Build and Train a Machine Learning Model Locally

TUTORIAL

Overview

In this tutorial, you learn how to build and train a machine learning (ML) model locally within your Amazon SageMaker Studio notebook.

Amazon SageMaker Studio is an integrated development environment (IDE) for ML that provides a fully managed Jupyter notebook interface in which you can perform end-to-end ML lifecycle tasks. Using SageMaker Studio, you can create and explore datasets, prepare training data, build and train models, and deploy trained models for inference—all in one place.

Exploring a sample of the dataset and iterating over multiple model and parameter configurations before training with the full dataset is a common practice in ML development. For this exploration stage, Amazon SageMaker provides the local mode, which allows you to test your training logic, try different modeling approaches, and gauge model performance before running full-scale training jobs.

For this tutorial, you use a synthetically generated auto insurance claims dataset. The inputs are the training and test datasets, each containing details and extracted features about claims and customers along with a fraud column indicating whether a claim was fraudulent or otherwise. You will use the open source XGBoost framework to prototype a binary classification model on this synthetic dataset to predict the likelihood of a claim being fraudulent.

What you will accomplish

In this guide, you will:

Ingest training data from Amazon S3 into Amazon SageMaker
Build and train an XGBoost model locally
Save the trained model and artifacts to Amazon S3
Clean up resources you created

Prerequisites

Before starting this guide, you will need:

An AWS account: If you don't already have an account, follow the Setting Up Your AWS Environment getting started guide for a quick overview.

AWS experience

Beginner

Time to complete

15 minutes

Cost to complete

See SageMaker pricing to estimate cost for this tutorial.

Requires

You must be logged into an AWS account.

Services used

Amazon SageMaker Studio

Last updated

July 7, 2022

Implementation

Step 1: Set up your Amazon SageMaker Studio domain

With Amazon SageMaker, you can deploy a model visually using the console or programmatically using either SageMaker Studio or SageMaker notebooks.
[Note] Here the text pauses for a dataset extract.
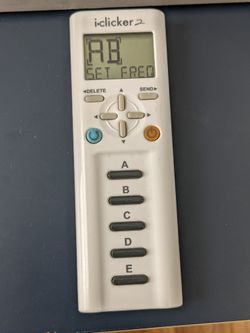 I-clicker 2 Remote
In this tutorial, you deploy the model programmatically using a SageMaker Studio notebook, which requires a SageMaker Studio domain.
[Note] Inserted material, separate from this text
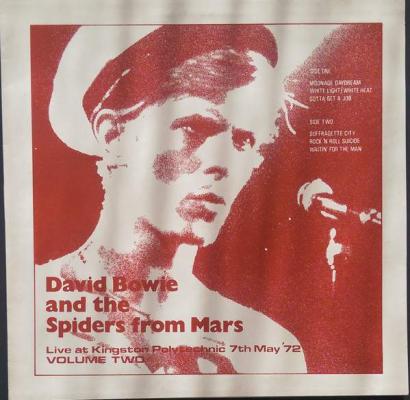 Live At Kingston Polytechnic 7th May '72 Volume Two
Amazon SageMaker supports the creation of multiple Amazon SageMaker Domains in a single AWS Region for each account. If you already have a SageMaker Studio domain in the US East (N. Virginia) Region, follow the SageMaker Studio setup guide to attach the required AWS IAM policies to your SageMaker Studio account, then skip Step 1, and proceed directly to Step 2.
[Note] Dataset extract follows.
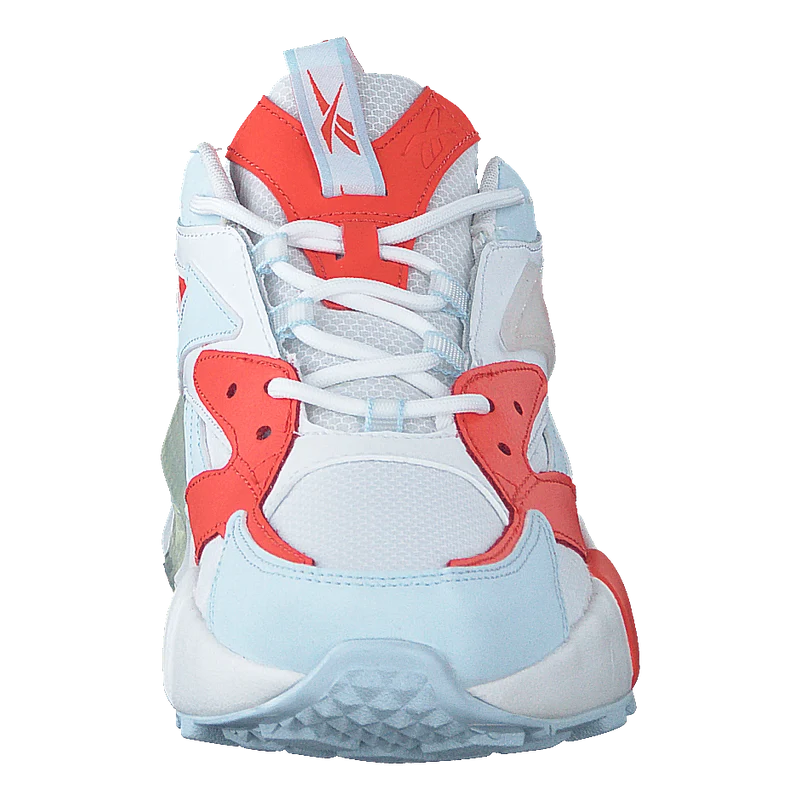 Aztrek Double Mix Vivid Orange/glass Blue/white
If you don't have an existing SageMaker Studio domain, continue with Step 1 to run an AWS CloudFormation template that creates a SageMaker Studio domain and adds the permissions required for the rest of this tutorial.

Choose the AWS CloudFormation stack link. This link opens the AWS CloudFormation console and creates your SageMaker Studio domain and a user named studio-user. It also adds the required permissions to your SageMaker Studio account. In the CloudFormation console, confirm that US East (N. Virginia) is the Region displayed in the upper right corner. Stack name should be CFN-SM-IM-Lambda-catalog, and should not be changed. This stack takes about 10 minutes to create all the resources.

This stack assumes that you already have a public VPC set up in your account. If you do not have a public VPC, see VPC with a single public subnet to learn how to create a public VPC.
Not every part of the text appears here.